If we want a bigger cake, the cook simply stirs faster in a bigger bowl and cooks the empty bowl into a larger oven that, somehow, heats itself - Herman Daly

Ladies and gentlemen, we are discussing now the question of "decoupling. So, first of all, what do we mean with this term? Well, decoupling is a concept based on the definition of "energy intensity" or "efficiency;" the ratio of the total energy consumption of a country to its gross domestic product, GDP.  It has often been observed that this ratio tends to go down for many countries. In this case, more GDP is generated for a unit of energy consumed and this is supposed to mean that people are learning to be smarter and more efficient in doing their jobs. In other words, it appears that we can "decouple "our ability of producing wealth from the need of consuming energy.

This idea reminds me a lot of something that Herman Daly, the economist, said some time ago. He compared the economy to making a cake. Your efficiency as a cook is how much flour (the energy) you need to make the cake divided by the size of the cake (the GDP). Some economists, Daly said, seem to think that you can make a cake without flour, just by stirring faster - that's "decoupling". Without needing to arrive to this rather extreme interpretation, the idea of "energy intensity" is that you are a good cook if you can keep making bigger and bigger cakes without the need of a proportional increase in the amount of flour.

It might work that way, although I have some doubts about this definition of efficiency. But let me tell you some data about Italy that may help you understand how these concepts may be applied to a practical case. Here are the latest data for energy intensity for Italy (from knoema):

So, it seems that Italy has shown a trend of improving efficiency; we could say it has been "decoupling". The trend seems to be slowing down, but it is still there today. So, this should be a good thing, but there is a problem. Let me show you Italy's GDP (again from Knoema)

And you see that Italy's GDP never recovered from the crisis of 2008. I could show you data for energy consumption in Italy but let me skip that: let me just say that it peaked in 2004 and it has been going down ever since. So, the energy intensity has been decreasing not because the GDP was growing, but because energy consumption was declining faster.

So, you see, maybe in Italy we should be happy because we are becoming more efficient but, as you surely understand, living in a country with a declining GDP is nothing to be happy about. Industries are closing, people are losing their jobs, there is no more money for things that once were taken for granted: social security, public health, public transportation and all that.

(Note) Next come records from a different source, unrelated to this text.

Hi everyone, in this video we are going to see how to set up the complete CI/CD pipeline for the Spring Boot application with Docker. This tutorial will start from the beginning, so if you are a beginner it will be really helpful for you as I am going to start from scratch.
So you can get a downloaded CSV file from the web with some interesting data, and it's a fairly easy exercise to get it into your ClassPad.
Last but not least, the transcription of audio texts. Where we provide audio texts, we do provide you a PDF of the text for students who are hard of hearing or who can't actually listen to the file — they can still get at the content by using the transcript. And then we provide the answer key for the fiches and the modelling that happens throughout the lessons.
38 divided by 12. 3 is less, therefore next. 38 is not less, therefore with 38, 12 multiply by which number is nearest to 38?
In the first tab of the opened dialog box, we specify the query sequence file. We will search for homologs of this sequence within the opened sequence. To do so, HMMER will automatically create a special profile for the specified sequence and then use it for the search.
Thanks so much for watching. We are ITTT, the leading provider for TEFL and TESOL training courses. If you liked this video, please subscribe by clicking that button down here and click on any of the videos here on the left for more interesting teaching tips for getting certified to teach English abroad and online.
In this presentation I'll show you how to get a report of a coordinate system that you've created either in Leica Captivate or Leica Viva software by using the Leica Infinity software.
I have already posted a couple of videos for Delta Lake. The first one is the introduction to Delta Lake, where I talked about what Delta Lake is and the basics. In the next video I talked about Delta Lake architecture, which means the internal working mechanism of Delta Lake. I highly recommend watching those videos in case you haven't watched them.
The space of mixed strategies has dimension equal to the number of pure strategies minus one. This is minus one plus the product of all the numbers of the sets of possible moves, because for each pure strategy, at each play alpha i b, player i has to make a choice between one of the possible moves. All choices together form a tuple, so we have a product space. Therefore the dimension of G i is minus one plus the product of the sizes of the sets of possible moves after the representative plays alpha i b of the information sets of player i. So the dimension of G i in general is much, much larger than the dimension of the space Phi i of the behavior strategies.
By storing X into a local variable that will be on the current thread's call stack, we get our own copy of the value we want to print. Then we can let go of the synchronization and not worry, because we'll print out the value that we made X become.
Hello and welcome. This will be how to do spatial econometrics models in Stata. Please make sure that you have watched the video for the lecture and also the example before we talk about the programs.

I was mentioning yesterday that the problem with Italy's economy is linked to the increasing costs of mineral commodities. I can cite from memory that in 2012 Italy imported 66 billion euros of fossil fuels and the net balance of imports or mineral commodities was negative for around 110 billion euros. That's surely not negligible in comparison to Italy's GDP which is around 1500 billion euros, especially if we consider that, not many years ago, the cost for imports was much smaller. We have today an additional burden on the economy that I estimate as around 70 billion euros in comparison with 10 years ago. It is money that must come from somewhere and it can only come from the pockets of Italian citizens. We are simply becoming poorer.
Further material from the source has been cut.